Short descriptive text snippets
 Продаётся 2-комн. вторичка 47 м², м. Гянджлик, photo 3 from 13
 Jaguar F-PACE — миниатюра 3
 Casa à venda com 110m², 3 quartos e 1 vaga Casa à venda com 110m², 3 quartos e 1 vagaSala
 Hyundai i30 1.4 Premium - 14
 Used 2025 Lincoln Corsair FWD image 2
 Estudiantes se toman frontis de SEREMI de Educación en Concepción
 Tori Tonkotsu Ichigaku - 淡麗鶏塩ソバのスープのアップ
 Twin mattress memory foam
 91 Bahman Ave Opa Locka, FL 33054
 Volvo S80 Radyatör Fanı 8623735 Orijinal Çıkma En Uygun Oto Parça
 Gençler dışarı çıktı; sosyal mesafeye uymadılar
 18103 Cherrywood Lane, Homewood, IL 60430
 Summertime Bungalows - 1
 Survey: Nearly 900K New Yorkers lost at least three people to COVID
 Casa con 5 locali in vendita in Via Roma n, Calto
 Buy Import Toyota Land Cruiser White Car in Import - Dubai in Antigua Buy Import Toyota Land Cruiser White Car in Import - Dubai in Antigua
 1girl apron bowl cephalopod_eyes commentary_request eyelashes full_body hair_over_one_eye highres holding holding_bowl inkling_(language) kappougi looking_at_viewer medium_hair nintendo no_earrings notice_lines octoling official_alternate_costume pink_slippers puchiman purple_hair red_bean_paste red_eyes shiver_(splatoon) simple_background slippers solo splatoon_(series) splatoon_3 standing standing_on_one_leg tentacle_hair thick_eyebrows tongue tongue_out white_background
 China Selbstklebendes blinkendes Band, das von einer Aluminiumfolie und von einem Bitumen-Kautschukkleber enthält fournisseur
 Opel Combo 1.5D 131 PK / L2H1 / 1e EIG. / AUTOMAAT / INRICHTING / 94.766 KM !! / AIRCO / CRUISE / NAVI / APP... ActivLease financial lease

YOUR ASSIGNMENT:
Write out the lines of the entries, word for word, from the first through the one containing "Tori Tonkotsu Ichigaku - 淡麗鶏塩ソバのスープのアップ", and stop at that line.

WRITTEN RESPONSE:
 Продаётся 2-комн. вторичка 47 м², м. Гянджлик, photo 3 from 13
 Jaguar F-PACE — миниатюра 3
 Casa à venda com 110m², 3 quartos e 1 vaga Casa à venda com 110m², 3 quartos e 1 vagaSala
 Hyundai i30 1.4 Premium - 14
 Used 2025 Lincoln Corsair FWD image 2
 Estudiantes se toman frontis de SEREMI de Educación en Concepción
 Tori Tonkotsu Ichigaku - 淡麗鶏塩ソバのスープのアップ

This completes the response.